杂草从山脚一直蔓延到山顶,黄色白色的小花里可以喊出黑黝黝的小虫子,蒿瓜瓜就藏在这些茸茸的草丛里。半山腰上两口青色的土窑一言不发地沉默着。窑口上一棵矮胖的杏树在风里沙沙响着,杏子从花落的青酸到盛夏的橙黄,挑逗着我的味蕾。捡来的格桑花种子发了芽。在杜栗子树的阴影下抽出软嫩的花骨朵儿。干旱的山里的麻雀儿没那么多树枝当它的宅基地,大多把巢筑在松软的山洞里。我爬上窑背的小平台,又跳上哥哥的肩头,手伸进小土洞里的鸟窝,有时掏出两只鸟蛋,有时也掏出一条小蛇。
中午的太阳暖融融的,架子车靠在院外的打谷场上。被驴子一圈一圈拉着的石碾把荞麦一粒一粒剥下来,剩下压的扁塌塌的枯枝,摞成一个小丘。那是我童年的蹦床。

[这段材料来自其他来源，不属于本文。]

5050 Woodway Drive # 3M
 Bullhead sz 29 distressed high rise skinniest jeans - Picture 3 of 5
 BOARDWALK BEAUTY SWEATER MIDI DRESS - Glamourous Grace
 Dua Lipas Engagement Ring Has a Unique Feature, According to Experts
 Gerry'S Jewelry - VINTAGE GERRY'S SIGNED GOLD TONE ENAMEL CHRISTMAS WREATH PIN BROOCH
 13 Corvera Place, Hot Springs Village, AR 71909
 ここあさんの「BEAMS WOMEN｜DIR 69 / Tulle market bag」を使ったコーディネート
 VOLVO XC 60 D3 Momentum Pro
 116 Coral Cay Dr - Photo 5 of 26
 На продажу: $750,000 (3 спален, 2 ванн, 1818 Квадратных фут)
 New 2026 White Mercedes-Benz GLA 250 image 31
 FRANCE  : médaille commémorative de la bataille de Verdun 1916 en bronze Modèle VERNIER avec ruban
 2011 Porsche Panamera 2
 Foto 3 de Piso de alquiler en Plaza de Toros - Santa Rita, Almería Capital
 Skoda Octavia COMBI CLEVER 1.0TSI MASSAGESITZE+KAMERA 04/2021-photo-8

偏远的西北农村没有儿童乐园,没有游乐场也没有幼稚园。小猪仔和小土狗是孩童的玩伴,稻草堆是临时的游乐场。一根小棍儿逗蚂蚁能反复玩儿一个下午。小时候的民谣里唱着高高的谷堆和妈妈记忆里过去的故事,现在全是我回忆里的歌。偶然听人提起,那个和我一起在荞麦堆里欢呼雀跃的女孩儿已经嫁作人妇,心里默默盘算,你婚后的日子该像儿时午后我们一起偷摘的青豌豆嫩汁儿样甘甜才对。
烟囱里钻出白色的烟。袅袅婷婷地和夕阳的余晖缠绕在一起。直直地躺在架子车上,看山头那排杨树笼上一层朦胧的橙色光圈。毛驴驮着河对面山涧里的清泉欢快地归来。有时和妈妈闹了脾气,就躲去邻居家,手里捧着邻居阿姨给的饼,听着妈妈的呼喊嗤嗤地笑。邻里关系好得像一家人。现如今隔壁院里住的人家也识不得,见面连微笑都觉得多余。
窗外青草和泥土的香味儿伴着割草机发出的刺耳声响飘进来,像极了老屋后山青草抽出新芽儿时候的芬芳。